Overview
Mendel Estimate Frequencies is a component of the umbrella OpenMendel project.
Appropriate Problems and Data Sets
The Estimate Frequencies model applies to pedigrees, including those with missing marker data. This option can handle noncodominant markers and markers with more than 2 alleles. With too many marker alleles computational efficiency suffers and large sample statistical assumptions become suspect. We recommend consolidating alleles until at most eight alleles remain and each has a frequency of 0.05 or greater.
Installation
Note: The three OpenMendel packages (1) SnpArrays, (2) MendelSearch, and (3) MendelBase must be installed before any other OpenMendel package will run. It is easiest if these three packages are installed in the above order and before any other OpenMendel package.
Within Julia, use the package manager to install MendelEstimateFrequencies:
pkg> add https://github.com/OpenMendel/MendelEstimateFrequencies.jl.git
This package supports Julia v1.0+
Input Files
The Mendel EstimateFrequencies analysis package uses the following input files. Example input files can be found in the data subfolder of the Mendel EstimateFrequencies project. (An analysis won’t always need every file type below.)
- Control File: Specifies the names of your data input and output files and any optional parameters (keywords) for the analysis. (For a list of common keywords, see Keywords Table).
- Locus File: Names and describes the genetic loci in your data.
- Pedigree File: Gives information about your individuals, such as name, sex, family structure, and ancestry.
- Phenotype File: Lists the available phenotypes.
- SNP Definition File: Defines your SNPs with information such as SNP name, chromosome, position, allele names, allele frequencies.
- SNP Data File: Holds the genotypes for your data set. Must be a standard binary PLINK BED file in SNP major format. If you have a SNP data file you must have a SNP definition file.
Control file
The Control file is a text file consisting of keywords and their assigned values. The format of the Control file is:
Keyword = Keyword_Value(s)
Below is an example of a simple Control file to run EstimateFrequencies:
#
# Input and Output files.
#
locus_file = estimate frequencies 2 LocusFrame.txt
pedigree_file = estimate frequencies 2 PedigreeFrame.txt
phenotype_file = estimate frequencies 2 PhenotypeFrame.txt
output_file = estimate frequencies 2 Output.txt
#
# Analysis parameters for Estimate Frequencies option.
#
In the example above, there are three keywords specifying the input files: estimate frequencies 2 LocusFrame.txt, estimate frequencies 2 PedigreeFrame.txt, and estimate frequencies 2 PhenotypeFrame.txt.
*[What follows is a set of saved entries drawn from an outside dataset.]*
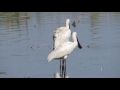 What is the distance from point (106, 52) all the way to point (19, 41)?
3.91 metres

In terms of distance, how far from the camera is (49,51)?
1370cm

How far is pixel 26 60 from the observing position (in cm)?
1230

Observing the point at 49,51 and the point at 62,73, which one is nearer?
the point at 62,73

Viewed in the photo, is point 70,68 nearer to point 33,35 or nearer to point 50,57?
point 50,57

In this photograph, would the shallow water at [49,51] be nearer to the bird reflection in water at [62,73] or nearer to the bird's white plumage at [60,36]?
the bird reflection in water at [62,73]

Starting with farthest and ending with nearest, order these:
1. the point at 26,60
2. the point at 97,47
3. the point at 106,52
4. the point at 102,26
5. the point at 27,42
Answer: the point at 102,26, the point at 27,42, the point at 97,47, the point at 106,52, the point at 26,60

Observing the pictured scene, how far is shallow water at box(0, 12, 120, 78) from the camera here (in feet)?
35.7

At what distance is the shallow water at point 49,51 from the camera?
35.7 ft

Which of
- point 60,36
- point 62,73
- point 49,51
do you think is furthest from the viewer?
point 49,51

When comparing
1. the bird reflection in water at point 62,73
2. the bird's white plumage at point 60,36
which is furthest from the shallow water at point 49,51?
the bird's white plumage at point 60,36

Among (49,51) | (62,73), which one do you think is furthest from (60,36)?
(62,73)

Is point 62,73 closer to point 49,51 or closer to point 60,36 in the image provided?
point 60,36

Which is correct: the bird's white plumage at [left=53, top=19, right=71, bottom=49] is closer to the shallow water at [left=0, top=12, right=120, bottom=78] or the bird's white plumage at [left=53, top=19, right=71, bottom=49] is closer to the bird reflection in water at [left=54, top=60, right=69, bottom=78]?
the shallow water at [left=0, top=12, right=120, bottom=78] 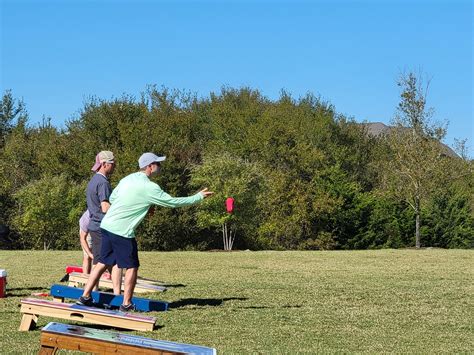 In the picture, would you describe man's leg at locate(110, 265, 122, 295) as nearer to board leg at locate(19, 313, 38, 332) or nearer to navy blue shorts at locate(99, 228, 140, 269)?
navy blue shorts at locate(99, 228, 140, 269)

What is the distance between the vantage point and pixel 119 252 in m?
8.89

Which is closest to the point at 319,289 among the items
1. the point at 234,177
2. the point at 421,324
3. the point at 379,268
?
the point at 421,324

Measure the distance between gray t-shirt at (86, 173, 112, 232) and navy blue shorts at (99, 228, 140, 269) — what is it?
1019mm

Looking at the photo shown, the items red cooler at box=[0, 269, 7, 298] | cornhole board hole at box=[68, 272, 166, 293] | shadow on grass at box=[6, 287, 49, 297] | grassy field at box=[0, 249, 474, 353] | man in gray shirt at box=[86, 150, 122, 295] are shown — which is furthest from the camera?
cornhole board hole at box=[68, 272, 166, 293]

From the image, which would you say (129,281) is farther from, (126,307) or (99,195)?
(99,195)

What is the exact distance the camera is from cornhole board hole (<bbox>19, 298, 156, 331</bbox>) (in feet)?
25.9

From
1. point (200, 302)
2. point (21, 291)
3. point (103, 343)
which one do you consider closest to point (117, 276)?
point (200, 302)

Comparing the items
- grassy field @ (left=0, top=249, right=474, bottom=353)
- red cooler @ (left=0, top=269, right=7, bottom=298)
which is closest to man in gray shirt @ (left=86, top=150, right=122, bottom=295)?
grassy field @ (left=0, top=249, right=474, bottom=353)

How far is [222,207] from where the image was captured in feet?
121

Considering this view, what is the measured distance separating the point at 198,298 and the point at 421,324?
12.4 ft

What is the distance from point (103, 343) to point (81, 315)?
9.71 ft

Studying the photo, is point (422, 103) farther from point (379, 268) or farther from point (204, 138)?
point (379, 268)

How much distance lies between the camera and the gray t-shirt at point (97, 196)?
988 centimetres

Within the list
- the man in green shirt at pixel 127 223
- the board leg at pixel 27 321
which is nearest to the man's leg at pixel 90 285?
the man in green shirt at pixel 127 223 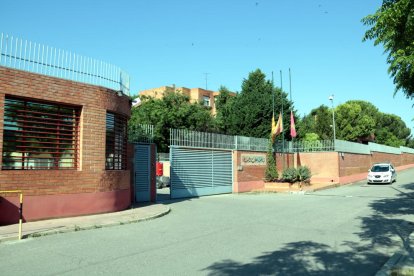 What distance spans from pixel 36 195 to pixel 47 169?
0.92 meters

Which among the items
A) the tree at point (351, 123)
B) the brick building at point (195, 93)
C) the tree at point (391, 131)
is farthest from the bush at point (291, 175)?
the tree at point (391, 131)

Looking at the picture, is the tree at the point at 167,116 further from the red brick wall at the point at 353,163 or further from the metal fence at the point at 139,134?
the metal fence at the point at 139,134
There is one keyword specifying the standard output file: estimate frequencies 2 Output.txt. There are no analysis parameters specified for this run; all analysis parameters take the default values. The text after the ‘=’ are the keyword values. A list of OpenMendel keywords common to most analysis package can be found here. The names of keywords are not case sensitive. (The keyword values may be case sensitive.)
Data Files
EstimateFrequencies requires a Control file, and a Pedigree file. Genotype data can be included in the Pedigree file, in which case a Locus file is required. Alternatively, genotype data can be provided in a SNP data file, in which case a SNP Definition File is required. OpenMendel will also accept PLINK format FAM and BIM files. Details on the format and contents of the Control and data files can be found on the MendelBase documentation page. There are example data files in the EstimateFrequencies data folder.
Running the Analysis
To run this analysis package, first launch Julia. Then load the package with the command:
julia> using MendelEstimateFrequencies
Next, if necessary, change to the directory containing your files, for example,
julia> cd("~/path/to/data/files/")
Finally, to run the analysis using the parameters in your Control file, for example, Control_file.txt, use the command:
julia> EstimateFrequencies("Control_file.txt")
Note: The package is called MendelEstimateFrequencies but the analysis function is called simply EstimateFrequencies.
Citation
If you use this analysis package in your research, please cite the following reference in the resulting publications:
OPENMENDEL: a cooperative programming project for statistical genetics. Zhou H, Sinsheimer JS, Bates DM, Chu BB, German CA, Ji SS, Keys KL, Kim J, Ko S, Mosher GD, Papp JC, Sobel EM, Zhai J, Zhou JJ, Lange K. Hum Genet. 2019 Mar 26. doi: 10.1007/s00439-019-02001-z. [Epub ahead of print] PMID: 30915546
Acknowledgments
This project is supported by the National Institutes of Health under NIGMS awards R01GM053275 and R25GM103774 and NHGRI award R01HG006139.